== AIM OF THE TASK ==
Each line below from the one containing "画像1: LALAJK（海外ロリータブランド） /" through the one containing "Tasse - Super-Papa - personalisierbar" is to be given again exactly, and no line outside that span.

== SUPPLIED MATERIAL ==
☆ ☆ ☆
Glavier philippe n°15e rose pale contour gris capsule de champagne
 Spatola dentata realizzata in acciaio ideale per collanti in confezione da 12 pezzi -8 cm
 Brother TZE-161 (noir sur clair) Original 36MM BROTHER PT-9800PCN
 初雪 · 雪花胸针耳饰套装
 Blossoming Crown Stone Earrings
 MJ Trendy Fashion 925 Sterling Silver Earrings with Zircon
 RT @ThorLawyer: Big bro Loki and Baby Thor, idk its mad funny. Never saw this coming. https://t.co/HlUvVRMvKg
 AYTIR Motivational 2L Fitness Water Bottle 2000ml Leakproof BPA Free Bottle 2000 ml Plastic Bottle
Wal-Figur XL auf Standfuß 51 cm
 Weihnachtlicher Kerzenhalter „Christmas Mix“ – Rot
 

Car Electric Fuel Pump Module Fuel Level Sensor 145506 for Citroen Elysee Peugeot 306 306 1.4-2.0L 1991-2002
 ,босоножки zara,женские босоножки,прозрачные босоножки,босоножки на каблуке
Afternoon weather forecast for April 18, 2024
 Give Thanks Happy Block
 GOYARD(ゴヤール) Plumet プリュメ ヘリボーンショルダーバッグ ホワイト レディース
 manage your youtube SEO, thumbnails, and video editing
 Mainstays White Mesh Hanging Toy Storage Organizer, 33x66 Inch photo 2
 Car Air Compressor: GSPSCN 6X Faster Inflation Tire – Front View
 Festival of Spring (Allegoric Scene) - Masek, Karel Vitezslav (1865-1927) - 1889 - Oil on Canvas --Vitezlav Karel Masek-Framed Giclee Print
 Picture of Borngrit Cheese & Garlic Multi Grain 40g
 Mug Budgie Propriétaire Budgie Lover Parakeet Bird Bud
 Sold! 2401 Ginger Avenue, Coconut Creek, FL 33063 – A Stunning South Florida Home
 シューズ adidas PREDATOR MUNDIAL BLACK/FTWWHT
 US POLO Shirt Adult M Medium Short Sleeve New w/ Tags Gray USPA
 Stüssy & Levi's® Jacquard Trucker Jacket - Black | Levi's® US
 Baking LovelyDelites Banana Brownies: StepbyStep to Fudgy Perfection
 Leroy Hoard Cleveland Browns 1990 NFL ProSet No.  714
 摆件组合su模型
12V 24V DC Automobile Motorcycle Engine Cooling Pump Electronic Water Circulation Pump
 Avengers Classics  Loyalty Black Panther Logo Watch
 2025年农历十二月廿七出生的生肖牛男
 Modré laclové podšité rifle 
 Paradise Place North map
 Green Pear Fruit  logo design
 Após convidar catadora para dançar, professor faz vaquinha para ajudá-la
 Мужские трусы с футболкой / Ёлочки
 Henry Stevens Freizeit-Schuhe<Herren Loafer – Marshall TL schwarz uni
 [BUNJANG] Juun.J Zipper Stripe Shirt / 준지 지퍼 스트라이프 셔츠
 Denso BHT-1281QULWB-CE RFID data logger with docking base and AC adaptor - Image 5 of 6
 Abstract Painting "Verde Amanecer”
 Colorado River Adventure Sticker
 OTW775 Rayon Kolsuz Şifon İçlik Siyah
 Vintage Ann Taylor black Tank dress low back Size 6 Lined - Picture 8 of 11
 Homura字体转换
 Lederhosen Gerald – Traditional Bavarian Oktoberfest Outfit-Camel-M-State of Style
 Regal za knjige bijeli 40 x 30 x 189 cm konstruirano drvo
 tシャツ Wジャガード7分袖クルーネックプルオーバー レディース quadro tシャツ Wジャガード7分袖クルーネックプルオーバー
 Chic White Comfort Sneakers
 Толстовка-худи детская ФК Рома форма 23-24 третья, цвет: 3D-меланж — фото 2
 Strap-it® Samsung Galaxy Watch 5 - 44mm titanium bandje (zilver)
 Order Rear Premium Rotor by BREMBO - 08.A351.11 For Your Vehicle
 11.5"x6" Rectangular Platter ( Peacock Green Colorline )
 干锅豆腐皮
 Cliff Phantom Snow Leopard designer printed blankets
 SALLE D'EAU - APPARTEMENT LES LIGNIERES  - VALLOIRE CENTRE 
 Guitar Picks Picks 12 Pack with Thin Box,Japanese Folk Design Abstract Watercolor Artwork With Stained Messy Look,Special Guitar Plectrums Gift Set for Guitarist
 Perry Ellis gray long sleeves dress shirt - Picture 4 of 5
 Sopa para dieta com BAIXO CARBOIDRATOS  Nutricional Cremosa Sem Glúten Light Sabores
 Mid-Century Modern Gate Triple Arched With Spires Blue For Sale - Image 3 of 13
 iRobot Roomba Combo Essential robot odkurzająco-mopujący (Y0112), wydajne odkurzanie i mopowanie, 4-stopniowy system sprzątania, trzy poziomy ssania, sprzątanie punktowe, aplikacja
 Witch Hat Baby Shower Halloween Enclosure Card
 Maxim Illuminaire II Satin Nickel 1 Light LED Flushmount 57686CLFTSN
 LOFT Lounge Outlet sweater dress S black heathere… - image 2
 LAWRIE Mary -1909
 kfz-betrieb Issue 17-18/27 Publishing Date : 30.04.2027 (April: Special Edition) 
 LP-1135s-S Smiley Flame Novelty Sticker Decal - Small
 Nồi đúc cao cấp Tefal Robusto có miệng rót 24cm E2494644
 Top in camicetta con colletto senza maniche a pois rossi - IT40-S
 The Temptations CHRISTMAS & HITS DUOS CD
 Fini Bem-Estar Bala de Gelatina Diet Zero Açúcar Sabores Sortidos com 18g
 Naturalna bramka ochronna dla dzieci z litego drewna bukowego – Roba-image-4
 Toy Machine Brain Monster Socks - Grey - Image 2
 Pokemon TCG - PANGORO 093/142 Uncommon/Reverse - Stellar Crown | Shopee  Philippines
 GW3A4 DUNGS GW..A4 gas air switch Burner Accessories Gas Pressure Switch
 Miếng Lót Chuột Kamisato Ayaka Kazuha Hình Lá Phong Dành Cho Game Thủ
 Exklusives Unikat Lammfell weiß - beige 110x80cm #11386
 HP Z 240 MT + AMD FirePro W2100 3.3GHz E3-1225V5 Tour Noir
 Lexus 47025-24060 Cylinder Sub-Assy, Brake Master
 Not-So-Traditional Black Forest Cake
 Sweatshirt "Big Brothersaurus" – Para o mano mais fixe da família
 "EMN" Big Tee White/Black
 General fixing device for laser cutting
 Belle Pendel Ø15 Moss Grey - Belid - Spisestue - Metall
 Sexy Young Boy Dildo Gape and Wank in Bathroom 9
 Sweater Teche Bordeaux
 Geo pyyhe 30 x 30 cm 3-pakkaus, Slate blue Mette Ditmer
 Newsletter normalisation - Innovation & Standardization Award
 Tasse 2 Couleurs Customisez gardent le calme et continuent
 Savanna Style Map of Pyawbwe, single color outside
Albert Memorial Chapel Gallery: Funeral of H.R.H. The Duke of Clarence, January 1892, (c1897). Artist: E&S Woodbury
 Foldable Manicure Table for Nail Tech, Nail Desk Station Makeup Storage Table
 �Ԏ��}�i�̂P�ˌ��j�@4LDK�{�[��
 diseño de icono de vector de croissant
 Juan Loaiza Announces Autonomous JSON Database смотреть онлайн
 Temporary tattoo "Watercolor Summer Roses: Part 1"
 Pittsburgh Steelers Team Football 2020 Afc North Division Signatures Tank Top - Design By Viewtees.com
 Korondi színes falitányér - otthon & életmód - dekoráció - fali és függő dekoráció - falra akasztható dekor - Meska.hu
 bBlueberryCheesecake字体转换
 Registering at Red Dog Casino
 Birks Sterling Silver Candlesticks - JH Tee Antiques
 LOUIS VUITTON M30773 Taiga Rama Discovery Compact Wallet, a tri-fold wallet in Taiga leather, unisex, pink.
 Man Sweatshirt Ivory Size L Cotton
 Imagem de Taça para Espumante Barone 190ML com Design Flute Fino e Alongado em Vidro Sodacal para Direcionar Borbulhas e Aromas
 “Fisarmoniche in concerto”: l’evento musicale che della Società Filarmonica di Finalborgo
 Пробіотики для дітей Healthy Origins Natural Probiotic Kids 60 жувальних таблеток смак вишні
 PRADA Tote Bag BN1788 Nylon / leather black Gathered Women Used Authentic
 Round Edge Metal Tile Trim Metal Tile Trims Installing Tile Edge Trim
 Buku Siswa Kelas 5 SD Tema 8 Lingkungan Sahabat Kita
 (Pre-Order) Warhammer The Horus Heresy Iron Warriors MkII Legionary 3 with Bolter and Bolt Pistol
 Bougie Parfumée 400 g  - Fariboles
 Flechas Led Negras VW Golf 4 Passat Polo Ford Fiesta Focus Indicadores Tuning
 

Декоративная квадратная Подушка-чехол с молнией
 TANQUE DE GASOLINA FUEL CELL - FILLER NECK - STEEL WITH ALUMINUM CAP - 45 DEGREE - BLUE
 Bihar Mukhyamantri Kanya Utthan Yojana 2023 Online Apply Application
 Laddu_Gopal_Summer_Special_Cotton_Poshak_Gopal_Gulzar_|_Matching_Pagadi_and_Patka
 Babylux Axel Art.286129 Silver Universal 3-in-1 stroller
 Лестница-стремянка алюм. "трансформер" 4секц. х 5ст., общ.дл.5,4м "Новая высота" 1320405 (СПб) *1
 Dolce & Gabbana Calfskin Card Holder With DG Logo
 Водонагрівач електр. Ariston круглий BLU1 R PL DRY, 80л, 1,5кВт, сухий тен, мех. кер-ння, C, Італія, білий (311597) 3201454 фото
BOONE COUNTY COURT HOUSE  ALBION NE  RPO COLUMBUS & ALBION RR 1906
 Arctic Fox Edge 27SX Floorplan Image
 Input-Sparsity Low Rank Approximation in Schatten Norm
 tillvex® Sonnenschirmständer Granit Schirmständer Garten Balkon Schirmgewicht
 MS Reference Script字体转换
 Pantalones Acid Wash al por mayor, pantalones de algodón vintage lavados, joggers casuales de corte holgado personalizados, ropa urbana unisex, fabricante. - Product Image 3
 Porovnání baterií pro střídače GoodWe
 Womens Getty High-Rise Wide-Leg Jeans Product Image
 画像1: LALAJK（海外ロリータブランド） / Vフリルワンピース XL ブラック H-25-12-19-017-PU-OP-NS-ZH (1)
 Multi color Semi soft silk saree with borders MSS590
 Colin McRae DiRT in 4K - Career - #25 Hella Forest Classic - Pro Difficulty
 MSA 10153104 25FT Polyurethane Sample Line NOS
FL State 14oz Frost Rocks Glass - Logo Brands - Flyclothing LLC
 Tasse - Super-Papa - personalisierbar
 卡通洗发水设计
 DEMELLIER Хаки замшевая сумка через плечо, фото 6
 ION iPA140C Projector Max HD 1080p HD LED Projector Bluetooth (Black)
☆ ☆ ☆
== RESPONSE FOR THIS EXERCISE ==
 画像1: LALAJK（海外ロリータブランド） / Vフリルワンピース XL ブラック H-25-12-19-017-PU-OP-NS-ZH (1)
 Multi color Semi soft silk saree with borders MSS590
 Colin McRae DiRT in 4K - Career - #25 Hella Forest Classic - Pro Difficulty
 MSA 10153104 25FT Polyurethane Sample Line NOS
FL State 14oz Frost Rocks Glass - Logo Brands - Flyclothing LLC
 Tasse - Super-Papa - personalisierbar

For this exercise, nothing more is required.